▶ _Brief_
What you give back should be exactly the lines from the one with "New Womens Cross-Border" through the final line of the material, pictures removed; please add nothing.

▶ _Excerpted data_

:::

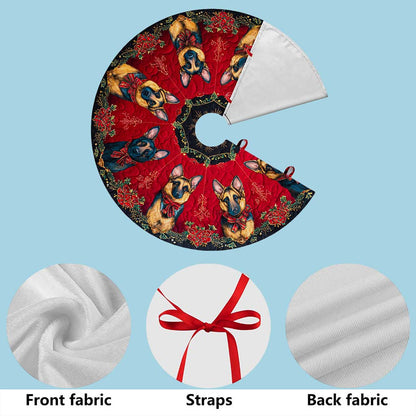 German Shepherd Christmas Tree Skirt UKHA5251004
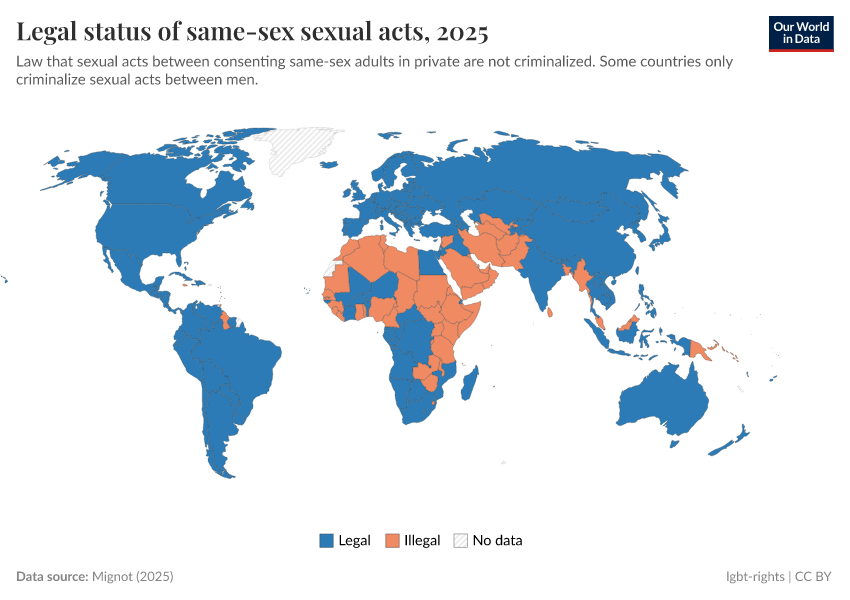 A thumbnail of the "Legal status of same-sex sexual acts" chart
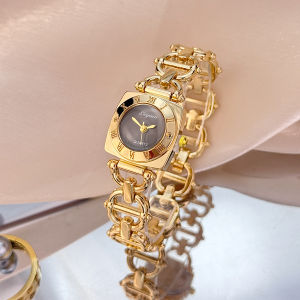 New Womens Cross-Border Best-Selling Hot Watch With High Appearance Level Square Roman Numerals Skeleton Design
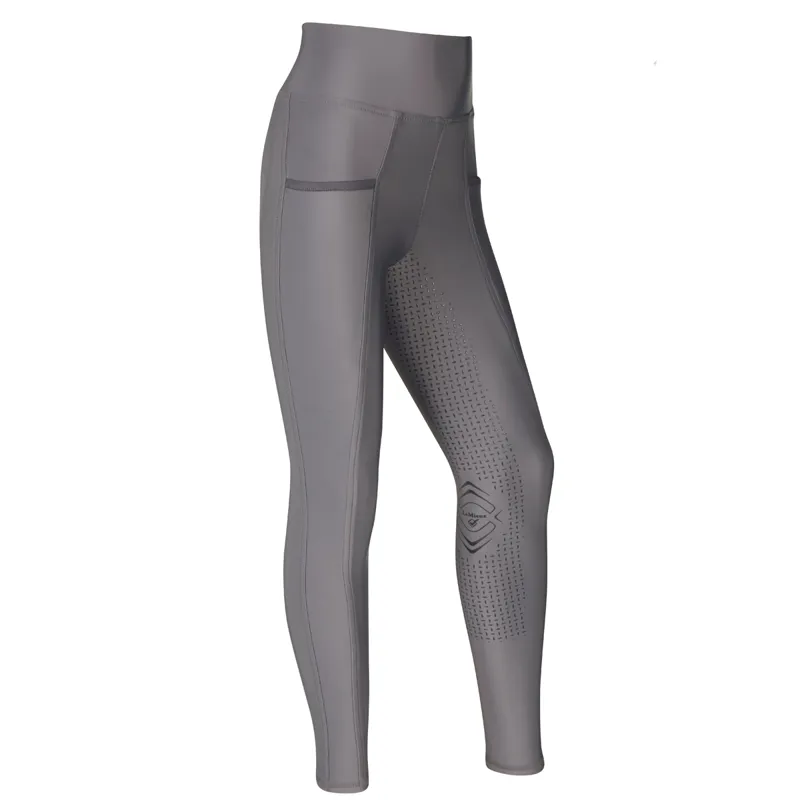 LeMieux Young Rider Pull On Breeches - Slate-1
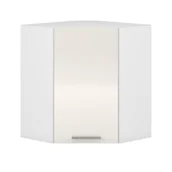 Szafki kuchenne - Szafka Górna Wisząca Narożna 1 Drzwi GN-60/72 Biały / Beżowy Połysk Vento Halmar Beż, Biały - miniaturka - grafika 1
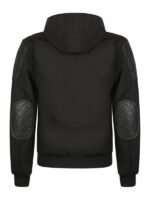 Men's Black Biker Hoodie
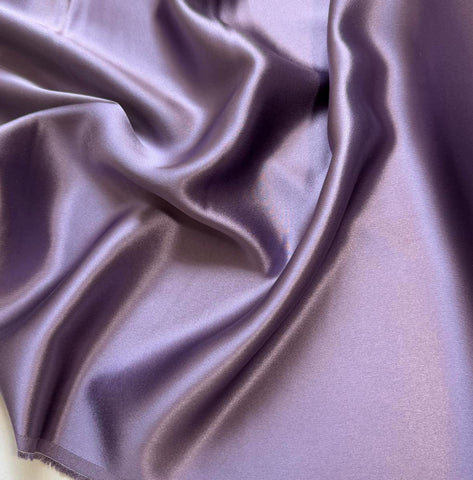 Dusty Plum - 30mm Heavy Silk Charmeuse Fabric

:::

▶ _Task response_
 New Womens Cross-Border Best-Selling Hot Watch With High Appearance Level Square Roman Numerals Skeleton Design
 LeMieux Young Rider Pull On Breeches - Slate-1
 Szafki kuchenne - Szafka Górna Wisząca Narożna 1 Drzwi GN-60/72 Biały / Beżowy Połysk Vento Halmar Beż, Biały - miniaturka - grafika 1
 Men's Black Biker Hoodie
 Dusty Plum - 30mm Heavy Silk Charmeuse Fabric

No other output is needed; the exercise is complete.